Stefan Giger: Au cours des dernières années, une série de nouveaux accords commerciaux furent conclus, dont la plupart en dehors de l’OMC. L’OMC et son prédécesseur le GATT sont des instruments du Nord pesant lourdement sur le Sud. Toutefois, il s’est produit un changement important du fait que, grâce au cycle de Doha, les pays du Sud ont commencé à présenter leurs revendications et provoqué ainsi l’échec de ces négociations. Le conflit principal concerne le commerce agricole, le Nord voulant renforcer le protectionnisme en refusant de prendre en compte le libre-échange. Un autre conflit concerne les brevets sur les médicaments prescrits contre les épidémies, tels que le paludisme ou le sida, dans des pays comme l’Inde ou l’Afrique du Sud exigeant de pouvoir utiliser des médicaments vendus aux prix de production et non pas au prix de monopole. Les multinationales n’hésitent pas à laisser mourir des milliers de personnes plutôt que de renoncer à leurs profits. Un troisième point conflictuel est le brevetage d’informations génétiques des plantes médicinales: les multinationales pharmaceutiques veulent pouvoir imposer des brevets à toutes les informations génétiques du monde entier. Cela pourrait signifier, par exemple, qu’une petite entreprise africaine produisant un médicament à partir d’une plante médicinale locale devrait payer des frais de licence à Novartis, si cette multinationale avait breveté le génome de cette plante.
Qu’est-ce que cela signifie pour l’accord TiSA?

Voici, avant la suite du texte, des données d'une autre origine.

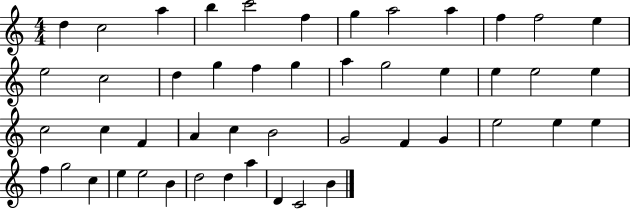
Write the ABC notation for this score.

X:1
T:Untitled
M:4/4
L:1/4
K:C
d c2 a b c'2 f g a2 a f f2 e e2 c2 d g f g a g2 e e e2 e c2 c F A c B2 G2 F G e2 e e f g2 c e e2 B d2 d a D C2 B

TiSA veut saisir tous les services. Selon la classification de l’ONU concernant les biens commerciaux, les biens sont relevés dans les chapitres 1 à 4, alors que les chapitres 5 à 9 contiennent les services. On y trouve tous les services imaginables: les services financiers, le commerce de détail, les services de conseil, mais aussi l’approvisionnement en eau et en énergie, l’élimination des déchets, les services de santé, la formation, la communication, la poste, la sécurité, l’exécution des peines pénales, les services sociaux, les assurances sociales, autrement dit l’ensemble du service public. L’objectif est de déréguler les services et de soumettre ces derniers au marché mondial.

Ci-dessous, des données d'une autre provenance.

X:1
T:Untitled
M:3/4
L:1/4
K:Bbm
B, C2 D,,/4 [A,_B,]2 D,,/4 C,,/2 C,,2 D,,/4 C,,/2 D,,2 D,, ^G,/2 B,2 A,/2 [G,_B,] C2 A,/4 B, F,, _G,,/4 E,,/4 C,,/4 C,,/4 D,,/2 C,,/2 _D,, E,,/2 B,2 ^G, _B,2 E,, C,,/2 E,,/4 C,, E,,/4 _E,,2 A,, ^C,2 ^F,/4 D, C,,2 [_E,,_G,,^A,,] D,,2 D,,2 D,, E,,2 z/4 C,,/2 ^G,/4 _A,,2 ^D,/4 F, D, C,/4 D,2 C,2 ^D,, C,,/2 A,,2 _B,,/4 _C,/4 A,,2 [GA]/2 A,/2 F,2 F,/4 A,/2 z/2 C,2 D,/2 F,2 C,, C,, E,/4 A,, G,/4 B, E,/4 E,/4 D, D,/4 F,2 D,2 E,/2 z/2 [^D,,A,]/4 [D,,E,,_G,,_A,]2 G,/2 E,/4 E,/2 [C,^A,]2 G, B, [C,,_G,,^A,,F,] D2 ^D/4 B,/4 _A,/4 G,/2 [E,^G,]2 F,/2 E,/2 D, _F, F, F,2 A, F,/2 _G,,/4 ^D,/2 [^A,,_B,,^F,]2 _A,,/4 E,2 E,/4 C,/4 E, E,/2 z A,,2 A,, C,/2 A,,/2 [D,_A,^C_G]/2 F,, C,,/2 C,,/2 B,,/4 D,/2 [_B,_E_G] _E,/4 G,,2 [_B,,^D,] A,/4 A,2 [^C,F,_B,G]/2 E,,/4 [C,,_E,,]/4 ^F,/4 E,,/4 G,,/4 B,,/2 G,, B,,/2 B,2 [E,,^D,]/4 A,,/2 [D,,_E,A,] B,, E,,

Il est vrai que l’accord prévoit que chaque pays a le droit de dresser une liste négative énonçant tous les services ne pouvant être dérégulés à l’intérieur du pays. Toutefois, dès que TiSA sera mis en vigueur, il se comportera comme un cartel du pouvoir des 23 Etats membres. Selon le site internet du SECO (Secrétariat d’Etat à l’économie), TiSA devrait finalement rejoindre le système de l’OMC. Pour pouvoir admettre d’autres pays, il faudra toutefois l’unanimité des 23 pays membres de TiSA. Cela signifierait que chacun des 23 pays pourrait présenter des revendications envers tout autre pays adhérent et les imposer: face à l’Inde, la France pourrait exiger la dérégulation de l’approvisionnement en eau, les Etats-Unis la dérégulation du système de santé, la Suisse la dérégulation du secteur bancaire au profit d’UBS et de CS. TiSA représente pour le Nord un levier servant à déréguler le secteur des services du Sud, tout en maintenant le protectionnisme du Nord pour son agriculture.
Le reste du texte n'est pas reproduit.